Findings from a recent systematic review concluded that exercise is a zeitgeber for the human circadian system, where multiple studies have demonstrated phase shifts in hormone secretion and body temperature cycles [29], the effect of exercise on individual peripheral clock rhythms has yet to be fully investigated yet begs clarity. Exercise can induce glucocorticoid release and generate heat in musculoskeletal tissues [30] and these effects are able to entrain peripheral clocks [22,28] Glucocorticoids can activate glucocorticoid response elements upstream of circadian gene promoters, including Per2 [31,32] Furthermore, the addition of dexamethasone can synchronize ex vivo tissues and cells in culture, including mouse tendons and primary mouse and human tendon cells, by driving period expression [33,34] Thus, reduced exercise-induced glucocorticoid release could potentially modulate the tendon circadian clock circuitry.

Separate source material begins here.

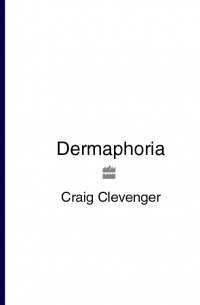 Dermaphoria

Overall, there remain lots of unknowns, however, research points to tendon repair occurring during moderate exercise in mice and humans and this shows promise for advances in research in painful conditions. This raises the interesting question about the importance of the time of day when people exercise and if exercising out-of-sync with the body clock disrupts tissue repair. We question whether the same hypothesis can be applied to skin healing and if so, what the optimal time for treatments should be. We know that dermal healing does not follow a linear trajectory so theoretically this could be linked with biological clocks. Our proposition is one that aims to characterise the influence of peripheral clocks on the physiology of skin; the morphology and cellular phenotype of skin; the extent of UVR-induced damage; and the efficacy of topical anti-ageing treatments. With the ultimate goal of optimising strategies for chronotherapy (timing the delivery of medication) for skin repair. It is now time to multiply the magnification of our microscopic lens as we intend this commentary to prompt some fresh thinking about the ways in which we can approach the burden of pain in skin healing by shifting our research focus to the role that biological clocks play in mediating the function of organisms, tissues and cells.